My son has barricaded himself inside. It’s my room he’s in – or rather the box room I use as my office – but it’s a Saturday and his cousin Nora is over, so it has been seconded for a greater purpose. The sight of them playing together so pleasantly is heartwarming. I should really say “the sound”, since I am ordered to stay downstairs while they ready the space for its intended use, and content myself instead with audibly supervising their clomping strides, a few clanking thuds, and a smattering of scattered laughter. He and Nora are seven, which means they’re both susceptible to loud bouts of miserable boredom, and any activities they can engage in without moping are to be welcomed. Even better, their spirited industry attracts the attention of my three-year-old daughter, who has soon departed the interminable game we’ve been playing with her Paw Patrol figurines, to clomp upstairs to join them.

After a while, my son comes down, sweaty and excited, demanding I cut some paper up for him. “Money shaped”, he says, presumably too animated to remember the word for banknote. I reach for the grown-up scissors with a pang of relief that he’s remembered he’s not allowed to use them by himself. It’s a good thing he has remembered this, because at this point, having had at least 15 minutes of completely uninterrupted peace downstairs while minding three children by myself, I would probably have given him a hand grenade if it offered me five minutes more. I cut the A4 page into 32 vaguely banknote-shaped strips, and he bounds off happier than if it had been real money.

Five minutes later, I am summoned upstairs to view the fruit of their labours. On the door hangs a sign which says “bookshop” above the additional legend “SPeshile 2 fore €15 – have fun and keep reeding!”. It’s a charming notice, not only for its game spelling, but also its delightfully specific notes of detail. One might quibble with the currency, but accept it on the grounds that both children have recently had trips to the Eurozone, and also the fact that the Euro symbol has always, let’s be honest, looked a little like a £ drawn by a child.

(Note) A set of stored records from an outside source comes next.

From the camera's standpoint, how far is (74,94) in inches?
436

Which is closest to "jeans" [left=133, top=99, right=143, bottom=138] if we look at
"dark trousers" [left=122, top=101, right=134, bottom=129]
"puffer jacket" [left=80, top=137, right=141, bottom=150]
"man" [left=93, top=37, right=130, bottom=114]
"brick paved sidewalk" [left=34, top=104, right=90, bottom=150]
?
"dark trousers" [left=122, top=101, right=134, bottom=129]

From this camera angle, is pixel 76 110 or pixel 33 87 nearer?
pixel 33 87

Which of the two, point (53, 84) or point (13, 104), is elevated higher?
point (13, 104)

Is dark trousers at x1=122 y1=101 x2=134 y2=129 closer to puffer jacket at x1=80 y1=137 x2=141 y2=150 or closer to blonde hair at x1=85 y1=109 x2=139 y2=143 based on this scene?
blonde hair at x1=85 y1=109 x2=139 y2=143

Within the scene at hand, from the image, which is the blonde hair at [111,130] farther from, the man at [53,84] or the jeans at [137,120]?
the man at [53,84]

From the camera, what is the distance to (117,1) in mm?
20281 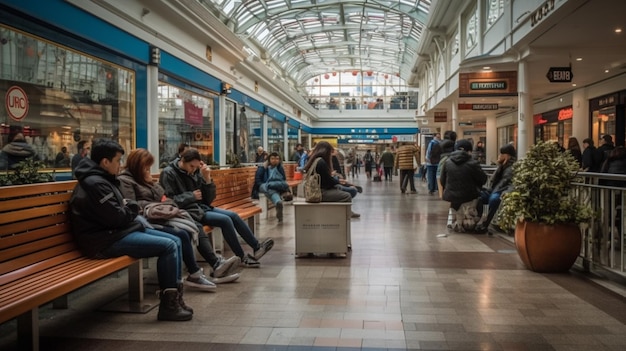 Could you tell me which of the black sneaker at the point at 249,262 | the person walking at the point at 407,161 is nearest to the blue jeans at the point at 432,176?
the person walking at the point at 407,161

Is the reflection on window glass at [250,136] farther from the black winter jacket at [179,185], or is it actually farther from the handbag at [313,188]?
the black winter jacket at [179,185]

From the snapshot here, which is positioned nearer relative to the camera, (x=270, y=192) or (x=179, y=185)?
(x=179, y=185)

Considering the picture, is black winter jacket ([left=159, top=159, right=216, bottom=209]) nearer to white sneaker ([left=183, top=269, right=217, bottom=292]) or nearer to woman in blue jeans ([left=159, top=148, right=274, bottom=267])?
woman in blue jeans ([left=159, top=148, right=274, bottom=267])

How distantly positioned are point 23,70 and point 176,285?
3.88m

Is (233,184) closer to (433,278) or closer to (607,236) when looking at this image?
(433,278)

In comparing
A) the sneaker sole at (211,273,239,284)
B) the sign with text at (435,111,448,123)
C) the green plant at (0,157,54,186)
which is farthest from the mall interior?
the sign with text at (435,111,448,123)

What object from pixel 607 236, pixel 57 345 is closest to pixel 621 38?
pixel 607 236

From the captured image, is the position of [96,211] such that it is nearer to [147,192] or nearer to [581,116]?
Result: [147,192]

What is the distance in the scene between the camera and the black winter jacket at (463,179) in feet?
27.8

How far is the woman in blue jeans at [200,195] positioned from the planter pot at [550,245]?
2978mm

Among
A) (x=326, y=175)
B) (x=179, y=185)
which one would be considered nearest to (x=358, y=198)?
(x=326, y=175)

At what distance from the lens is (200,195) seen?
575 cm

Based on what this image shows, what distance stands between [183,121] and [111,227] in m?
8.25

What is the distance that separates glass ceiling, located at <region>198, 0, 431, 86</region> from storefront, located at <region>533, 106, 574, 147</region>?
698 cm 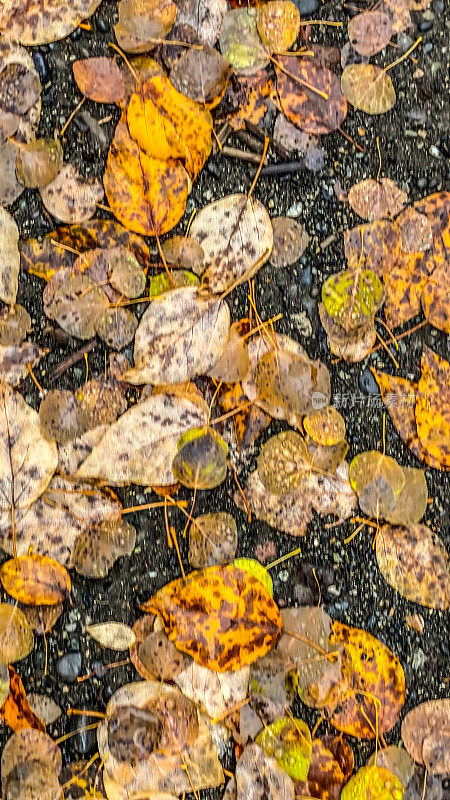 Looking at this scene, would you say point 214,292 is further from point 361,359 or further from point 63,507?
point 63,507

On the bed are laid out 32 of my son’s books, each with a little strip advertising their price. My presumption that he had not remembered the word for banknotes now seems erroneous, as the paper he had me cut was, in fact, for the pricing stickers resting loosely on the stock in front of me. Almost every single one says €6.50, so one might also quibble with the value inherent in that “2-fore-€15” deal he and Nora are advertising, but I digress.

On the door hangs a sign which says “bookshop” above the additional legend “SPeshile 2 fore €15 – have fun and keep reeding!”

I’m led immediately to the wares, with Nora acting as the saleswoman and my boy hanging at the back as a sort of hype man for the operation, pointing and shouting “books, books!” in the manner of a carnival barker. My daughter, meanwhile, is jumping avidly near the till, just happy to be included in this commercial operation, manically opening and closing a Fisher-Price cash register.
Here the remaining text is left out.